Pemerintah Beri Pendampingan Psikologi Keluarga Awak KRI Nanggala-402

Menko PMK dan Mensos menemui keluarga awak KRI Nanggala-402 di Mako Armada II Surabaya.

Pemerintah Beri Pendampingan Psikologi Keluarga Awak KRI Nanggala-402
Mensos, Tri Rismaharini saat menemui keluarga awak KRI Nanggala-402 di PTA Kompleks Mako Armada II, Surabaya, Minggu (25/4/2021). (Foto: KABAR.NEWS/Ihwan Fajar)












KABAR.NEWS, Surabaya - Pemerintah melalui Menteri Koordinator Pembangunan Manusia dan Kebudayaan (Menko PMK), Muhadjir Effendi dan Menteri Sosial (Mensos), Tri Rismaharini menemui keluarga awak KRI Nanggala-402 di Panti Tjahaja Armada (PTA) Kompleks Mako Armada II, Surabaya, Minggu (25/4/2021). Muhadjir dan Risma memastikan kehadiran pemerintah untuk memberikan penguatan psikologi kepada keluarga awak KRI Nanggala-402. 

Menko PMK, Muhadjir Effendy mengatakan pihaknya bersama Mensos mendapatkan tugas dari Presiden RI, Joko Widodo (Jokowi) untuk memberikan penguatan psikologis keluarga awak KRI Nanggala-402. Muhadjir berharap keluarga awak KRI Nanggala-402 diberi ketabahan menghadapi musibah yang sedang terjadi. 

"Saya bersama Bu Mensos bertemu dan bersilaturahmi dengan keluarga dari anak buah kapal (KRI) Nanggala yang sekarang mengalami musibah. Kami ingin memberikan penguatan serta menyampaikan turut prihatin.
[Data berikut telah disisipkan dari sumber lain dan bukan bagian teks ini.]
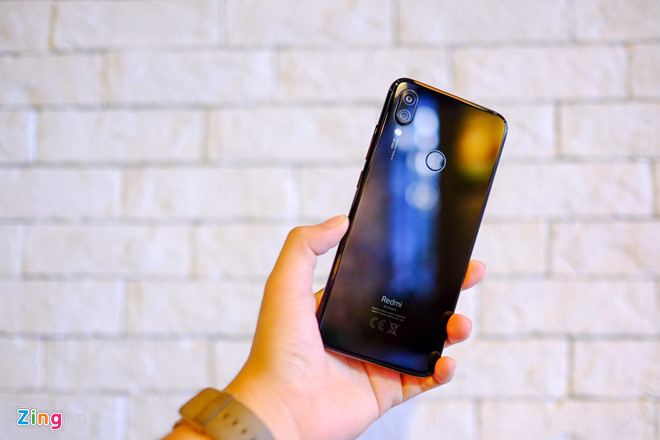 Loạt smartphone đáng chú ý bán tại Việt Nam tháng 4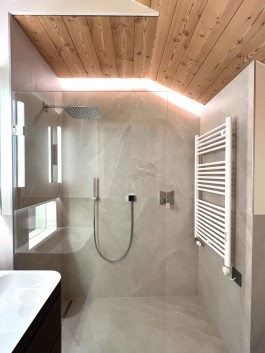 Renovated bathrooms in Parc A15 apartment, Champex-Lac by WADE Architecture, ongoing project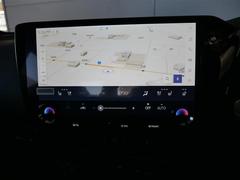 ＡＷＤ　【Ｆ　ＳＰＯＲＴ専用】オレンジブレーキキャリパー　パノラミックビューモニター　デジタルインナーミラー　寒冷地仕様　ムーンルーフ　充電ケーブル　別体型ディスクプレイヤー　Ｇ−Ｌｉｎｋ２年付帯 3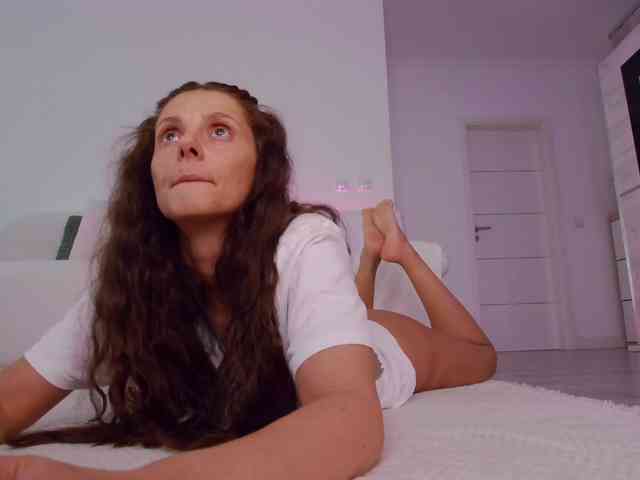 LilyRoselyn webcam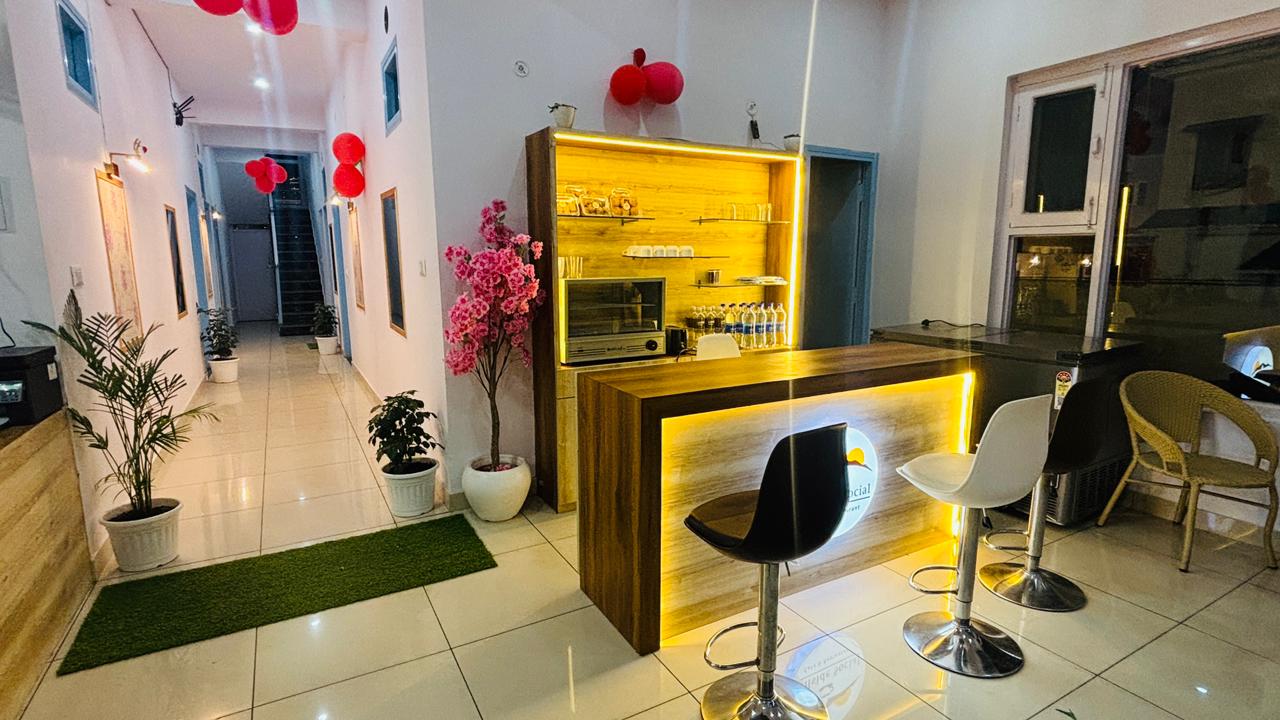 Savera Cafe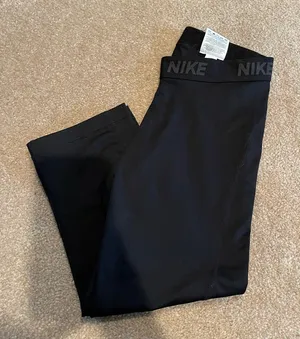 Nike Dri-Fit 3/4 Length Black Leggings thumbnail 1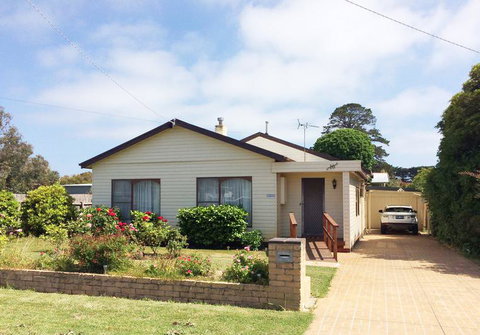 Nautique Beach House - Travel Agents 21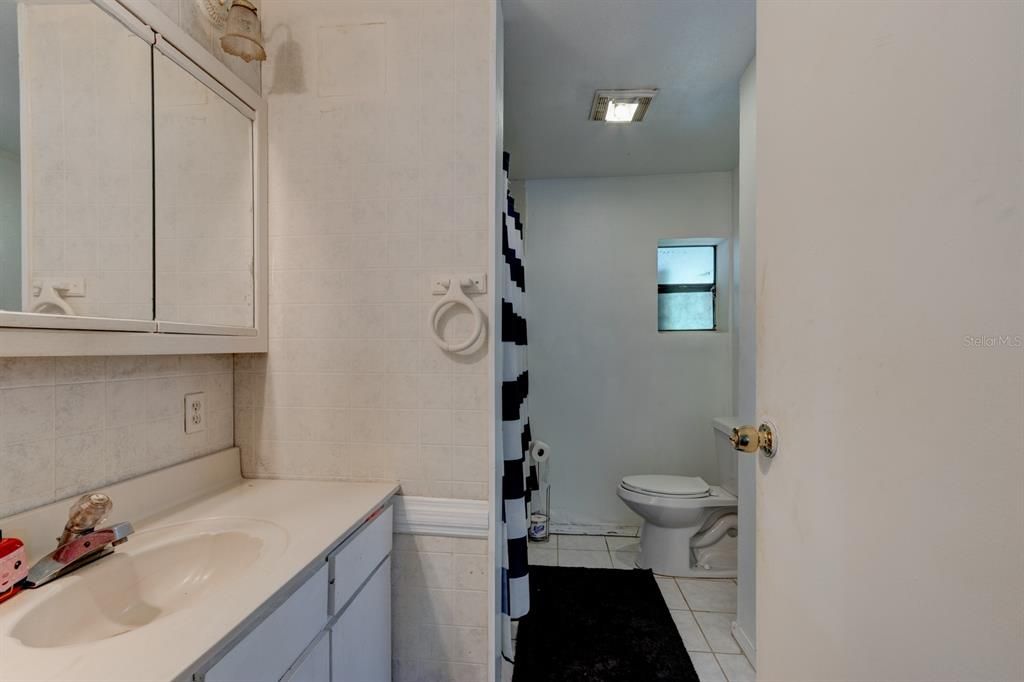 For Sale: $259,900 (3 beds, 2 baths, 1585 Square Feet)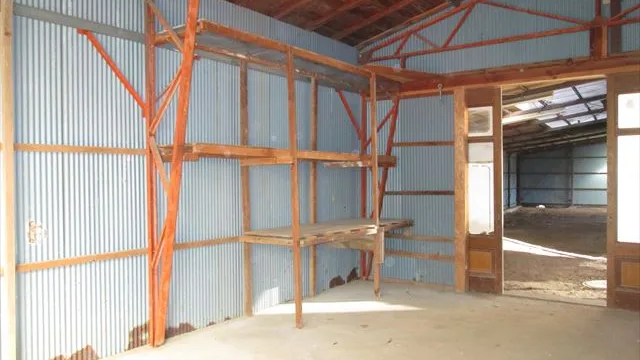 物置の中(別角度から)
Semoga keluarga diberi ketabahan dan mudah-mudahan bisa dilalui dengan baik," ujarnya kepada sejumlah wartawan. 

Menko PMK, Muhadjir Effendy bersama istri Panglima TNI, Nanny Hadi Tjahjanto saat menemui keluarga KRI Nanggala-402 di PTA Kompleks Mako Armada II, Surabaya, Minggu (25/4/2021). (Foto: KABAR.NEWS/Ihwan Fajar)

Muhadjir menjelaskan penguatan yang akan diberikan pemerintah adalah dengan memberikan pendampingan psikologi kepada keluarga awak KRI Nanggala-402. Muhadjir berharap pendampingan tersebut bisa memberikan kekuatan psikologi kepada keluarga awak KRI Nanggala-402. 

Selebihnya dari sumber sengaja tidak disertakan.